At the extremity of the vestibule is a second gateway leading into the court-yard. Here we observe the groove in which the portcullis formerly moved. Within the court-yard is the remains of a stair-case which led to the state apartments in the second story of the great tower. The situation of the hall can still be pointed out, though much of the building has fallen down. The closet in which Robert III. died is pointed out in the south-east corner: it is only twenty-four feet by six.
In the court-yard stands the chapel, which is in the pointed style. The font and bason for the holy water are still to be seen. Investigations made in 1816 under the direction of the marquis of Bute, have displayed the traces of various other buildings in the court-yard. A range of buildings 74 feet by 33, extended along the south side of the court; and on the west there was another range 59 feet by 25½ over the walls. The south end of this building seems to have contained the armourer’s workshop, as in clearing the rubbish, the remains of a furnace, and a quantity of iron dross were found. A well was also discovered which has been cleared to the depth of fifteen feet.
There are no accounts of when the original portion of the castle was built; but it could not be earlier than the beginning of the 12th century. It is first mentioned in history in 1228, when it was besieged by Husbac or Uspac whom Haco king of Norway had made king of the Hebrides. The castle was taken by the Norwegians in their expedition against Scotland under Haco in 1263, immediately before the battle of Largs; but in consequence of it, the Scots speedily recovered all the western isles. It appears to have been in possession of the English during the reign of John Baliol; but in 1311 when Robert Bruce took Perth, the terror of the example he there made, caused this as well as several other castles to surrender.

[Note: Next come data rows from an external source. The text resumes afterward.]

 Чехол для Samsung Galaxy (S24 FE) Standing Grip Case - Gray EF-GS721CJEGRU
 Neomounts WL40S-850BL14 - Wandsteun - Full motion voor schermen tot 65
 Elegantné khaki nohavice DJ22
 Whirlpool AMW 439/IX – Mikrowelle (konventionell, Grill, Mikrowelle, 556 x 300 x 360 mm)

Edward Baliol in 1334, took possession of the castle, and strengthened its fortifications; and he made Allan de Lile, governor, who was previously by him appointed sheriff of Bute. The inhabitants of Bute, however, hearing of the success of the young Steward in taking Dunoon castle, rose upon the English garrison, and killed the governor de Lile, whose head they presented to the Steward. John Gilbert, who was deputy governor, being taken prisoner, changed sides, and caused the castle to surrender. Robert II. appears to have held his court here and resided for some time, in 1376 and 1381. With Robert III. Rothesay appears to have been a favourite place of residence; and there it was known he died in 1406. It was visited by Robert Duke of Albany, brother of Robert III. in 1408; and by James V. in 1536 and 1540.

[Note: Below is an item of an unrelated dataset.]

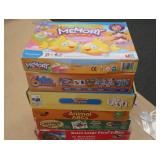 MISC KINDERGARDEN/SCHOOL LEARNING GAMES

In 1489, Hugh Lord Montgomery was appointed constable of the castle; but in 1498, the head of the family of Bute was constituted hereditary keeper, an office which still continues in the family, and is held by the present noble marquis. The castle was inhabited up to 1685, and was often the residence of the ancestors of the marquis of Bute. In that year, however, during the ineffectual descent on England by the duke of Monmouth, and on Scotland under the earl of Argyll, it was taken possession of by the latter. After spending considerable time in Bute to little purpose, he plundered the town of Rothesay and the Castle, and destroyed its doors and windows. It was afterwards burned by his brother, and has since remained a ruin.